* Given information:
======
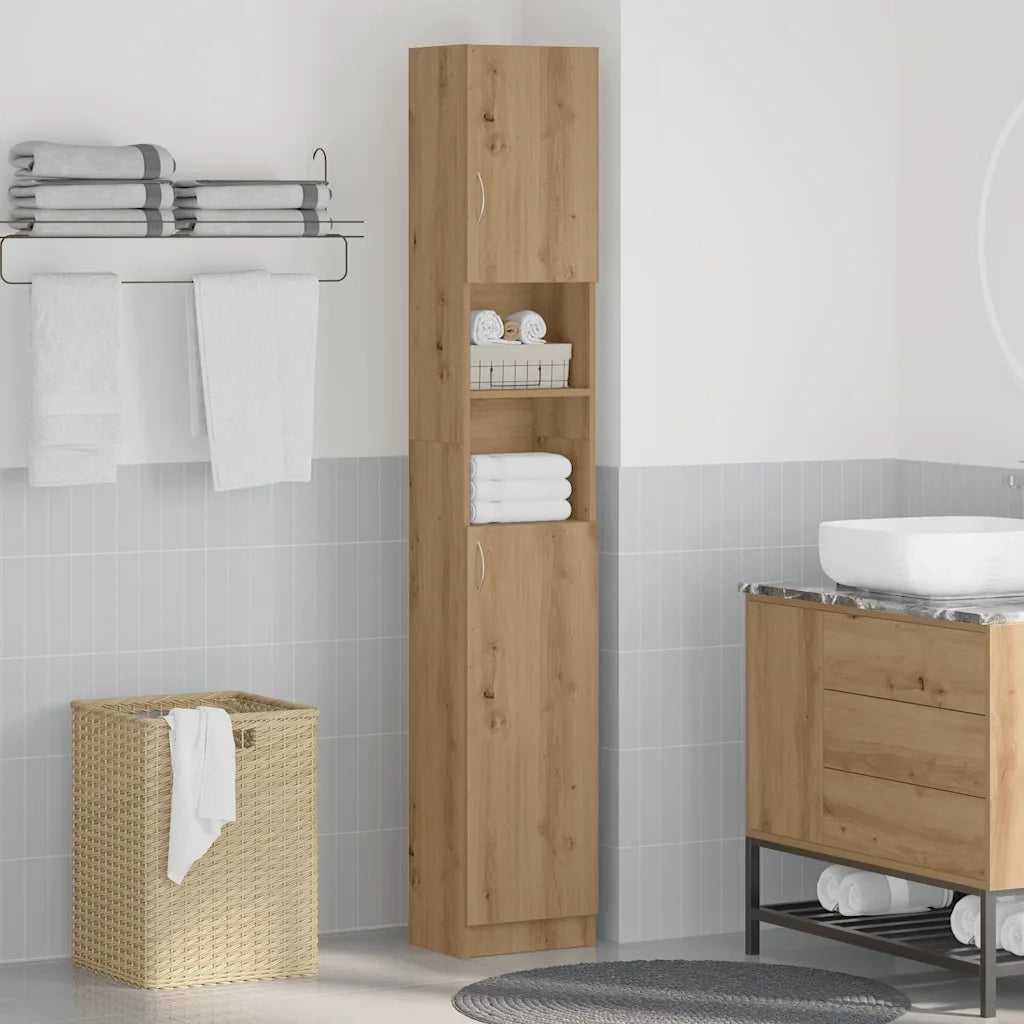 Mobiletto da bagno artigianale in rovere 32x25,5x190 cm in legno ingegnerizzato 856049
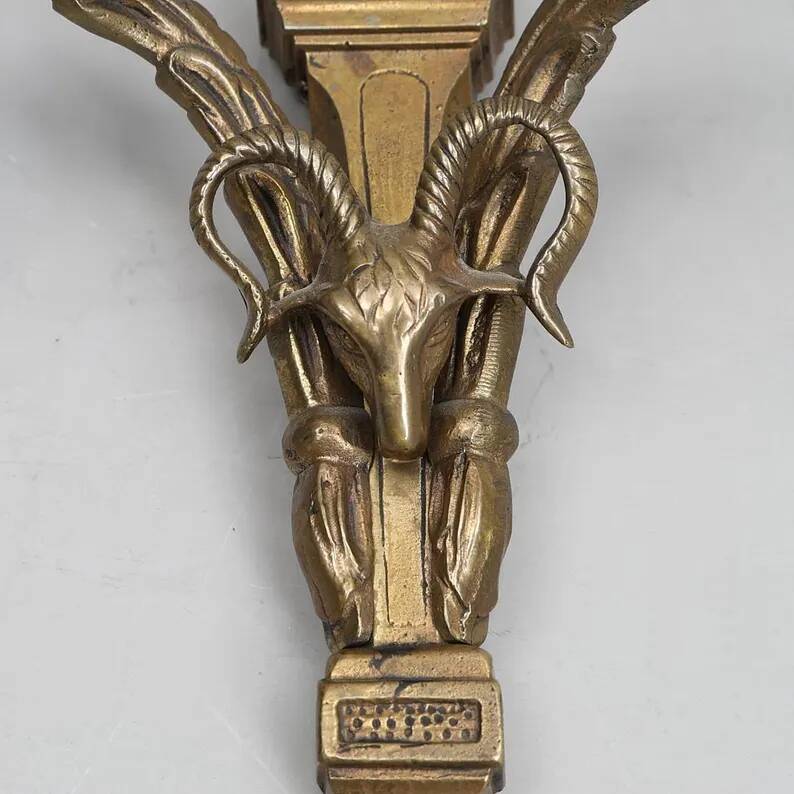 Pair of Mid-Century Gustavian Brass Wall Sconces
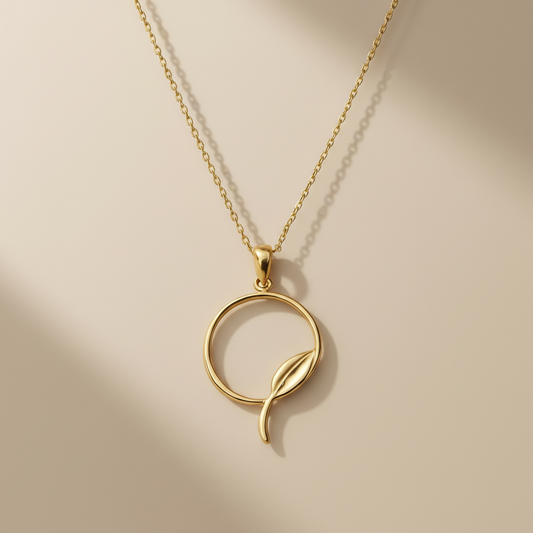 Serenity Leaf Gold Pendant Necklace for Women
======
* Task item:
The data above must be written out again without alteration, and the pictures in them must be excluded.

* Written answer:
 Mobiletto da bagno artigianale in rovere 32x25,5x190 cm in legno ingegnerizzato 856049
 Pair of Mid-Century Gustavian Brass Wall Sconces
 Serenity Leaf Gold Pendant Necklace for Women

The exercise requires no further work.